Hands-On Astronomy Teacher Training Conference

Last week the Faulkes Telescope Project took part in the "Hands-on Astronomy" four-day teacher training event at Cardiff University.

The conference was run in collaboration with our partners at Cardiff University, the National School’s Observatory and the National Science Learning Centre and focussed on training UK and European teachers on how they can apply astronomy in their classroom as an engaging and exciting theme for teaching the curriculum.

The four-day conference was divided into two main themes. On Monday and Tuesday, the presentations focussed on the Solar System and Space Missions, continuing on Wednesday and Thursday with Stars, Galaxies and Cosmology.

On Tuesday, the FT team opened with demonstrations of the Nebraska Astronomy Applet Project, an innovative project that provides online laboratories with accompanying background material, teacher guides and student worksheets making them great activities to base a lesson around with all the material packaged and ready to go!

This was followed by an introduction to the Faulkes Telescopes. Here Paul Roche introduced conference participants to the telescope network, the aim of the project and why it is in the interest of teachers to get their schools involved.
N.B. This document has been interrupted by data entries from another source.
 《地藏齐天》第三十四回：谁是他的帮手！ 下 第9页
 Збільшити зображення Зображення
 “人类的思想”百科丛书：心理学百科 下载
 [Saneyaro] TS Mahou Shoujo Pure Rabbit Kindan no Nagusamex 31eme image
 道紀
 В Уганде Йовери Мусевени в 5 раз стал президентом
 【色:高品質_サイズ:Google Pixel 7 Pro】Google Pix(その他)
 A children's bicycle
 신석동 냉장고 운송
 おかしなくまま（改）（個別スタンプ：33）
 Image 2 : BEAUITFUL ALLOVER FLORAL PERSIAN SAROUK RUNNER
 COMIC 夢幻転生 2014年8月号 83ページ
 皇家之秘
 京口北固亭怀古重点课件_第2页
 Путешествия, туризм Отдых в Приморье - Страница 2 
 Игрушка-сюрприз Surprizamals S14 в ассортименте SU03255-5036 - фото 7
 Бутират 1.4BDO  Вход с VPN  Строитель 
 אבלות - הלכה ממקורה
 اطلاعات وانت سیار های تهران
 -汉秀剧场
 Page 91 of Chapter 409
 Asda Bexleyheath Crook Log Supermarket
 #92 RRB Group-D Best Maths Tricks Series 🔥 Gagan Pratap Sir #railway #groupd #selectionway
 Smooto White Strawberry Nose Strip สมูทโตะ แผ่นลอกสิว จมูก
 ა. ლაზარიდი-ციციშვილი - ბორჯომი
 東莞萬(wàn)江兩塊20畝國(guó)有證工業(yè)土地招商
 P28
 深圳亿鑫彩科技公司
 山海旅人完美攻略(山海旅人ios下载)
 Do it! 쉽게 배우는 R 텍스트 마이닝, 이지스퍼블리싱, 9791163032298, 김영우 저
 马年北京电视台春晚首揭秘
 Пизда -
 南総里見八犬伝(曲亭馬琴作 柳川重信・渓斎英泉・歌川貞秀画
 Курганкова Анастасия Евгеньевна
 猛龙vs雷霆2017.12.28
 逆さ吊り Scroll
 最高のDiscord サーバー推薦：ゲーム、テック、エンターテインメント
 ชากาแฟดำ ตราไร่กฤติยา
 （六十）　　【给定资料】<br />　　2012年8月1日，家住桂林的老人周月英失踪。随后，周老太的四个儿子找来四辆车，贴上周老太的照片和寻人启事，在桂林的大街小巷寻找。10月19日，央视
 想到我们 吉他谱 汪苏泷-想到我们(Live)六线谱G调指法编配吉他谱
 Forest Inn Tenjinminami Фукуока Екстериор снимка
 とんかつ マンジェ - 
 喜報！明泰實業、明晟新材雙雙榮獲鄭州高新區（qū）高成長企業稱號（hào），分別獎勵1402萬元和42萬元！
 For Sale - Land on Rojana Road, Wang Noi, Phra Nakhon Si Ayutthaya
Sarah Roberts continued with a tour of the FT website demonstrating how to access the Educational Resources that are provided and how they relate to the secondary and A-level curriculum.

In the afternoon, Emma Wride was then able to inform the teachers how to also get primary school students involved in astronomy with a demonstration of the AstroCymru 3D shows ‘Harewood House’ and ‘Extreme Places’. The 3D effects are not only a great way of encouraging the excitement of astronomy but also introduce students to the scale of our Universe and what is out there to be explored.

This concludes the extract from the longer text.